Been a while since I went walking in the morning – today was the first time in about ten days and it was very much needed. Yesterday in totality pretty much resembled being sea sick on a boat in a storm, nauseated by each and every swell and dip of the ocean, and at moments it truly felt like the ride would never end. It did! I fell asleep, eventually... and if I am honest – there was a part of me that simply wished I would just fade away into nothing as I slept… not a reality I know – here I am.
I woke up this morning, rolled over to look at the porcelain outline of my son facing me and realised that the presence I was feeling “heartache” over would not have even wanted that little slice of perfection to be lying there for the simple reason that it would be disturbing his own rest… I stretched my arm over his torso and embraced the fact that he no longer had to feel unwanted and that I no longer have to put him second to someone who never loved him in the first place. He stirred, stretched his arms toward me and said “morning mommy – are you going on your walk today?!” Yes, I was and yes I did.

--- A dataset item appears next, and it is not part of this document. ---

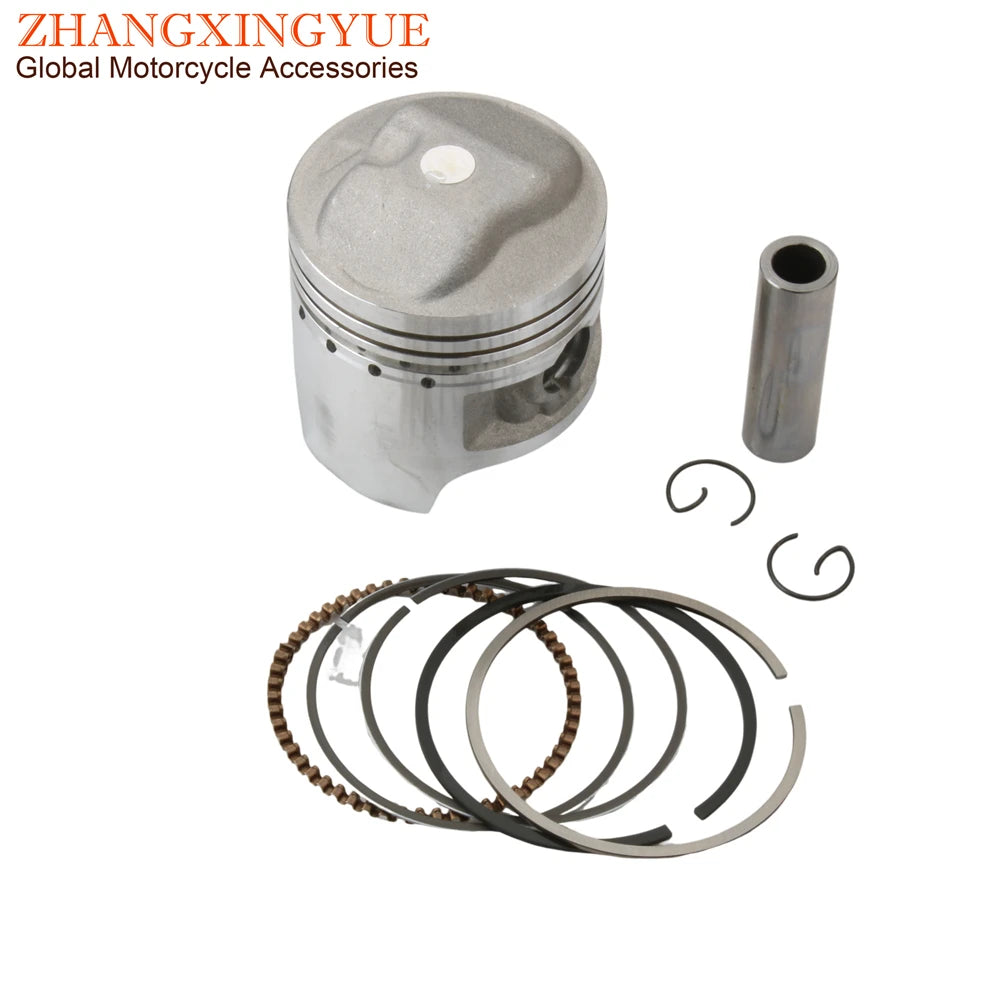 GS125 GN125 DF125 DR125 Piston Kit For Suzuki GZ125 TU125 Marauder125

Unlike yesterday, today I rose with a sense of calm – perhaps the irrational and demonstrative outburst of emotional frustration coupled with the raw expression of it all in written word helped me to understand and process it to a degree, maybe it was staring at the ceiling all day doing nothing other than allow my thoughts and emotions fly around like something at a carnival or perhaps it was a culmination of all of the above and the fact that I suddenly realised in summation that at the end of the day ”when the end came and it counted more than ever, he STILL did nothing to save it”. I mean let’s be honest here, if someone really cares about another – really loves them… would they let them go without even a little bit of fight - unlikely.
The realisation of an almost decade long lie is a bitter pill to swallow, but the reality is – the signs were there ALL ALONG – I just chose to turn the other cheek most of the time because it was easier than what I am ultimately left to deal with now anyway!!!!!!. (note to self-moment…lol) Does it hurt – obviously!!!! There is a lot of time and energy ploughed into a decade. Am I sorry I stand where I do? Not in the least… because yet again, life has given me a big fat slap through the face and said “wtf woman!”
So off I headed on my walk. I was grateful for the fact that it was an overcast and somewhat misty morning… those are my favourite by far – especially for walking… it slightly mirrored my contemplative mood too. I walk at relatively fast pace, and probably a little faster today because I was not in conversation. Admittedly, that felt a little strange, but it was actually good to just walk with music and my own thoughts.
Life and it’s bold, yet subtle statements never cease to fascinate me and this morning was no exception! I use Deezer as a music app and most times, will put the “flow” option on. This is essentially a compilation of music selections from your own playlists, combined with additional tracks which “Deezer’s algorithm” thinks you may like… and today, technology was the shizz nizz, haha! Sure, not every single lyric from every single song fits… but the general outline “works as a whole” – and today it REALLY did work well! Normally I like the music to fit the pace of my step but today I didn’t care… I was more interested in letting what wanted to play – PLAY! I just wanted to BE!
I did my normal round - and about half way through, this entails heading down to the lagoon and simply taking a few moments there to appreciate the magnificence. I have shared pics from that spot before and it has waves unlike the ocean but this morning it was pure glass… not a single motion or movement. This does not happen often and it was a beautiful sight to witness! It reflected the calm I felt for the decision made.
Life is a curious thing... you can be sure about a decision and yet doubt yourself simultaneously to such a degree that it will actually change the course of event. I have been through this several times now in this particular "situation" - this time was the end of the line. NO MORE! I deserve more, my heart knows I do... now, I just need to silence my mind!